It wanted three hours of sunset, the boats now almost beyond sight had no more interest, and Havilland, who had dipped down to his cabin and found his few belongings intact, was smoking a pipe, seated on the edge of the main hatch and wondering, not at the terrible things he had seen, but at his insensibility to their terror— they did not seem part of reality.
Seldon had gone below; now he was on deck again, now on the bridge, now vanished into the chart-room. He was flitting about the ship like an uneasy spirit, in a purposeless, purposeful way that made Havilland wonder.
Coming down from the bridge, he found that Seldon had lugged up some bunk bedding from the cabins, also all their dunnage and some provisions and water, in case of accident.
They slept on deck, taking watch and watch, and when Havilland awoke it was to find the sun just breaking above the sea and the mate calling him to lend a hand with the dinghy.

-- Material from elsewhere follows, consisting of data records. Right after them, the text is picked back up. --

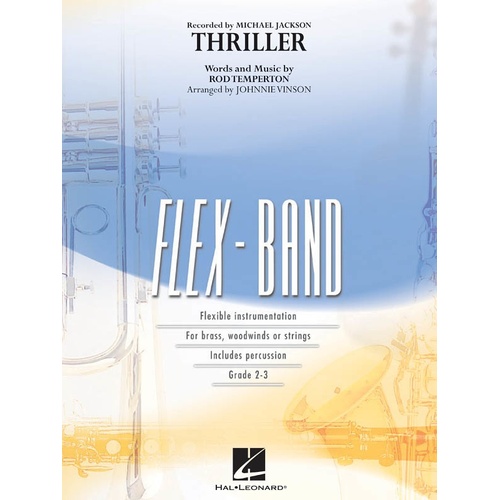 Thriller Michael Jackson Flex Band Gr 2-3 (Music Score/Parts)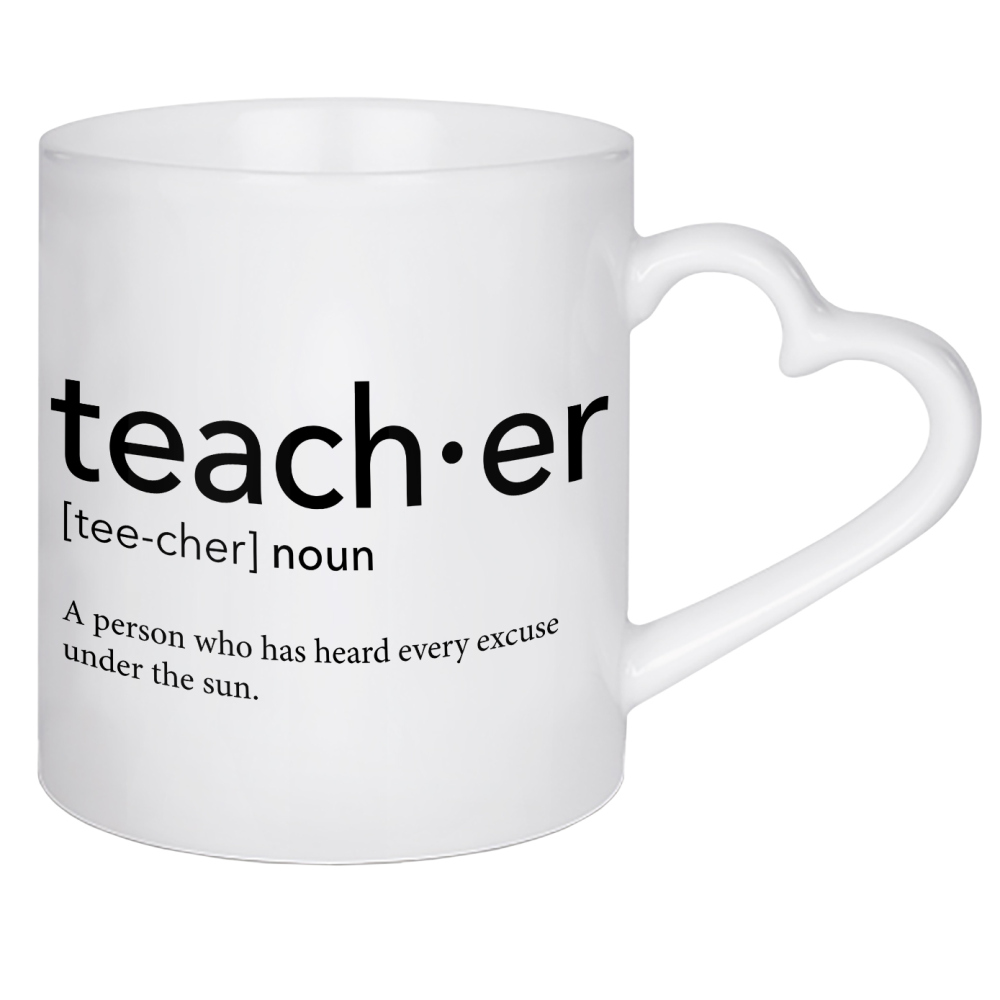 Herztasse "Teacher definition 39" artboxONE - Schwarzweiß,Lehrersprüche - Teacher,Definition
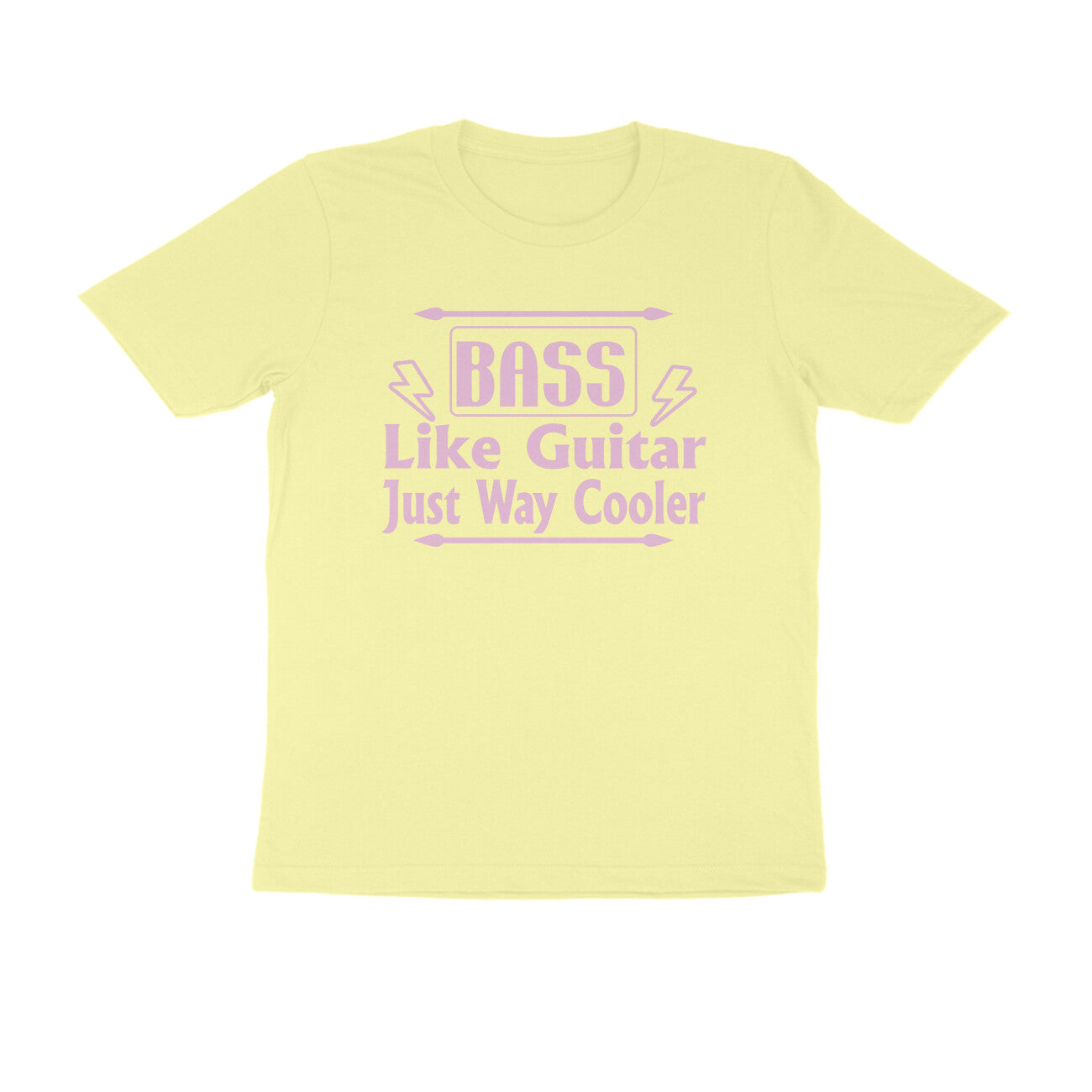 Half Sleeve Round Neck T-Shirt – Bass - like guitar just way cooler puraidoprints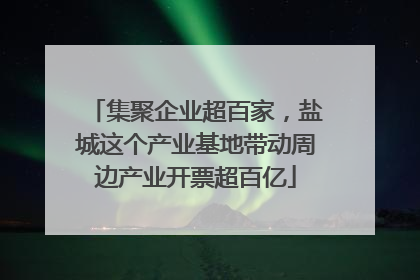 集聚企业超百家，盐城这个产业基地带动周边产业开票超百亿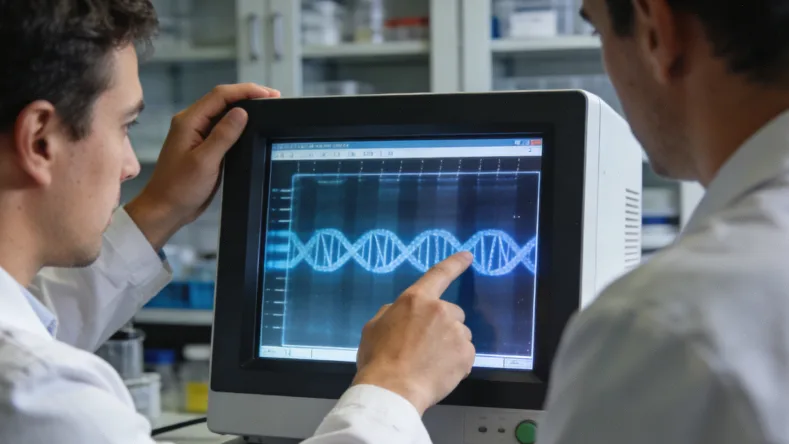 肿瘤异质性示意图，展示不同颜色癌细胞混杂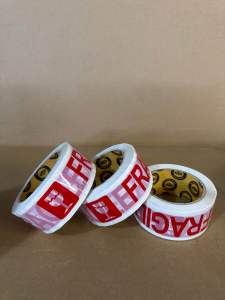 Fragile Tapes 2 x 100m White Backing X sold per Pc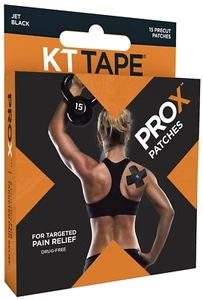 KT Tape Pro X Pain Relief Synthetic Kinesiology Therapeutic Tape patches 15 Pack - Picture 1 of 5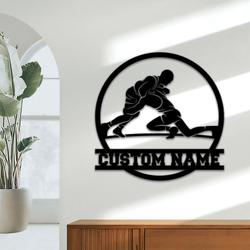 wrestling team name wrestling coach gift custom metal signs 2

The Nan Shan was sinking. Whether the Chinks had opened a seacock or whether Seldon had attended to that business for reasons of his own, who can say, but the old tub was preparing for her last act in life, and Havilland, half-awake and galvanised by the shouts and orders of the mate, found himself helping to get the dinghy afloat and the stuff into her.
As they pushed off, stepping the mast and raising the sail, Havilland's eyes followed the direction in which the mate was pointing. A ring of sea-birds showed, touched by the just-risen sun, and, a bit to westward of the birds, the hump of an island.
It was the southern outlier of the Pescadores. No one ever goes there of set purpose; there is nothing to go for or to be had except water and a small amount of fruit, and yet, on its southern side, it has a little harbor made by nature as if for a joke. Two curving reefs run out, forming the two piers, but the entrance between the pier heads is not more than thirty feet broad.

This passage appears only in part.